Types of Hallucinations
Fabricated citations:
- AI invents books that do not exist
- Papers that were never published
- Quotes nobody ever said
- Citations look real (plausible names, dates, titles) but are generated, not retrieved
Invented facts:
- Specific statistics that sound precise but are made up
- "Studies show that 67% of users prefer..." might be pure fabrication
- The oddly specific percentage makes it sound researched
False confidence:
- AI does not say "I'm not sure about this"
- States hallucinated content with the same tone as accurate information
Why does this happen? AI generates text by predicting probable next words. When it does not "know" something, it does not stop. It generates plausible-sounding text that fits the pattern of what an answer should look like. The model optimizes for sounding good, not being accurate.
Good news: Hallucination rates have dropped significantly.
- 4 major models now have sub-1% rates on standard benchmarks
- Some models saw 60%+ drops in the past year
Bad news: Rates vary dramatically by task:
| Task Type | Hallucination Rate |
|---|---|
| General factual | < 1% (top models) |
| Legal information | ~6% (best models) |
| Legal (all models) | up to 18% |
| Specialized/technical | Higher risk |
2025 researcher consensus: Aim for "calibrated uncertainty." Systems should know when they do not know and safely decline to answer. Until that is solved, your verification skills remain essential.
You might expect a computer to be good at math. AI is not.
Counting problems:
- Ask AI how many r's in "strawberry"
- It frequently gets it wrong (answer: 3)
- AI sees tokens, not individual letters
Arithmetic errors:
- Multi-step calculations often contain mistakes
- AI might get the approach right but flub the actual computation
Logic puzzles:
- Step-by-step reasoning can go awry
- Model shortcuts to answers instead of working through each step
The workaround: For math that matters, verify independently. Use AI to explain the approach, but do calculations yourself or with a calculator.

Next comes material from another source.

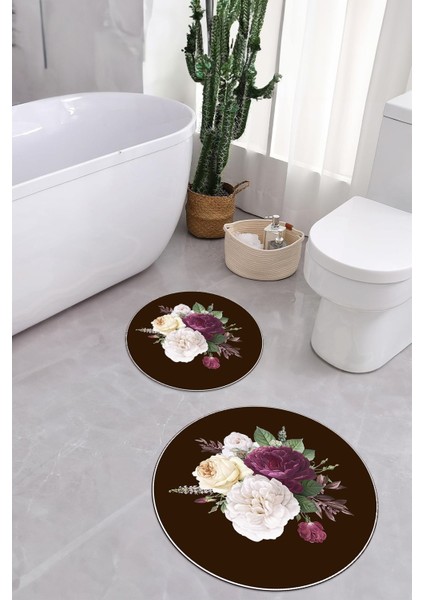 Dijital Yıkanabilir Kaymaz Çiçek Motifli Yuvarlak Banyo Paspası Klozet Takımı, Klozet-65-Kahve, modelleri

AI models have a knowledge cutoff: a date after which they have no training data.
What happens when you ask about events after the cutoff:
- Correct admission: "I do not have information about that"
- Hallucinated answer that sounds plausible but is false
- Outdated information presented as current
Some AI systems now have web search capabilities, which helps. But the core model's knowledge is still frozen.
Practical rule: For anything time-sensitive, treat AI responses as a starting point, not a final answer.
| Traditional Software | AI |
|---|---|
| Fails loudly | Fails quietly |
| Returns error when data missing | Returns confident prose |
| Easy to spot problems | Hard to spot problems |
Why? AI was trained on human text, and humans rarely write "I don't know" in published content. The training data is full of confident assertions.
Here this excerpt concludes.